With the disintegration of the Soviet Bloc and the resulting privatisation of much of Romania’s wine industry, an increased emphasis on research emerged, and in the last 30 years at least seven clonal selections of feteasca neagra have become available, giving winemakers more options.
Furthermore, the variety is well suited as a blending partner, most commonly with cabernet sauvignon and merlot, and it has been discovered that the use of oak is favourable for increasing aromatic complexity.
The focus of production of quality feteasca neagra is in the Dealu Mare DOC, located in the Oltenia and Muntenia region to the west of the Moldovan Hills. The vineyards in the DOC are situated on hills up to 350 metres, giving excellent exposure to the sometimes fierce sun and also acting as a cooling influence to slow ripening.
Cabernet Sauvignon and merlot are also grown here and producers such as Davino, Ville Metamorfosis (owned by famous Italian producer Antinori) and 1000 de Chipuri all produce excellent quality reds.
Unfortunately Romanian wine is struggling to make its presence felt in the UK, and getting a bottle of single varietal feteasca neagra, or in a blend with cabernet sauvignon or merlot, is tricky.
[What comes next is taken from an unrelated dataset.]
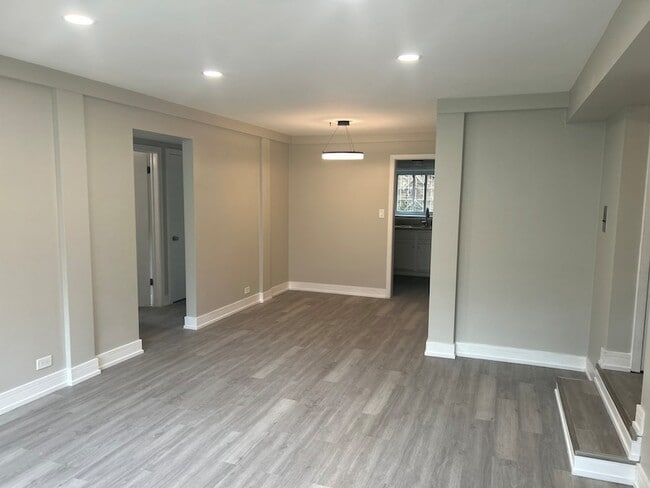 Photo - 6823 N Northwest Hwy Unidad 125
Caroline says: “It takes time to
persuade the trade to take it on, and its exposure can be increased through tastings, masterclasses, visits to Romania (and Moldova) and articles to show the grape's potential and raise awareness.”
The recent CEE (Central and Eastern Europe) Wine Fair that was staged in London has hopefully helped increase awareness, but of Romania’s indigenous varieties, it’s far easier to purchase feteasca regala, the country’s dominant white grape with more than 12,000 hectares grown. Asda sells it as part of its Wine Atlas range, as does Marks & Spencer, which markets the variety under its ‘Expressions’ branding.
Given that M&S stocks a Georgian Saperavi in its ‘Found’ range, it would be nice to think it won’t be long until feteasca neagra gets on to the shelves. In the meantime, if you’re looking for Romanian reds in the supermarket you’re far more likely to come across pinot noir, such as Waitrose’s ‘Blueprint’ for £6.99.
But all is not lost. Virgin Wines stocks Curious Parallel Feteasca Neagra 2022 for £11.99, which is made in the Banat region of Romania, and Slurp has the Selene Feteasca Neagra 2019 for £16.95. Both of these wines are made by Cramele Recas, Romania’s largest wine exporter, as is Nonius 2019 (Slurp, £9.95), a blend of feteasca neagra and shiraz. Oxford Wine Company sells the Dealu Mare 2021 ‘Nomad’ feteasca neagra (£15.50) made by Aurelia Visinescu and it also stocks Alira Concordia’s 2019 Feteasca Neagra Merlot (£22.50).
But for my first taste of the variety I headed to Moldova via Comptoir Cafe & Wine just off Oxford Street. On an otherwise western Europe-dominated wine list I spotted it had Te Wa’s 2019 feteasca neagra. With ripe red fruit and blackberry, together with sweet spice and some cooked fruit (think blackberry tart), the wine reminded me of a decent primitivo from Puglia. Other feteasca neagras will follow, so watch this space.
Flight 29
The Society’s Exhibition Central Otago Pinot Noir 2022 (£18.50 The Wine Society)
Apparently August 18 is pinot noir day, so it seems appropriate to include one wine from that variety in this week’s flight. Central Otago is one of my favourite regions for pinot, and this one doesn’t disappoint. Very pronounced on the nose, with ripe red fruit as well as toasty and smoky notes. Long finish with a savoury edge.
Thorne and Daughters Rocking Horse Cape White 2022 (£11.50 a glass, Vagabond)
A blend of Semillon, Rousanne, chenin blanc and clairette, the semillon hailing from old vines in Franschhoek. Stone fruit and pineapple with some beeswax. Great texture with brioche notes from lees ageing. Still young at will develop more complexity with time – but fantastic to drink now.
Trajarinho Vinho Verde 2022 (£13.95 Pulp)
Made from alvarinho and trajadura, this is citrus-forward which is extremely easy to drink and at 12% abv not too alcoholic. Drunk in Ealing at the Pulp cafe, a terrific place with an excellent, original wine list.